Santoeusebio, I don't know how I would translate it. I don't care for 'And also with you,' but we do need some such formula which will convey in English what the Latin means. 'And with your spirit' does not do so, and like much else in the new tr. reproduces what seems to me a stilted Latinate diction that is not much improvement on what we have now have.

Sadie Vacantist said...

Reading Physiocrat's understanding of Swedish, the problem of translation in English is compounded by the possessive pronoun which precedes the noun and how it has evolved in English. I am sure that Swedish has its own set of unique problems also.

If this was an IT problem, I would recommend that the customer go back to the orginal program and support that instead of trying these different upgrades. It would be cheaper and easier for a priest to run Latin courses (support?) in the parish hall then go through this madness for which there is no enthusiasm.

Lee Lovelock said...

I have a better recommendation, how about people learn their Latin and go back to what The sadly mismashed Pauline Mass dictated which was for the majority of The Mass to be said in Latin or just entirely in Latin.

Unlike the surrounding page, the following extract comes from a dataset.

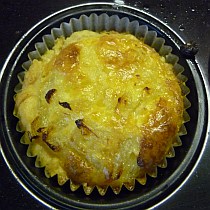 Tartelettes aux oignons (Zibelewaije-li)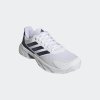 Pánské tenisové boty adidas CourtJam Control 3 M - foto 5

What is it with the need for the vernacular in 'Liturgy'. We are not like the Orthodox but we are Catholics in the literal sense of universal and in the Latin Rite, we were united by One mass, with one tongue;we are disunited by liberal catholic to conservative catholic, english mass to spanish mass, Eucharistic prayer I to Eucharistic Prayer IV. I pray for the day when we as Catholics return to what was sound and pleasing to Our Lord.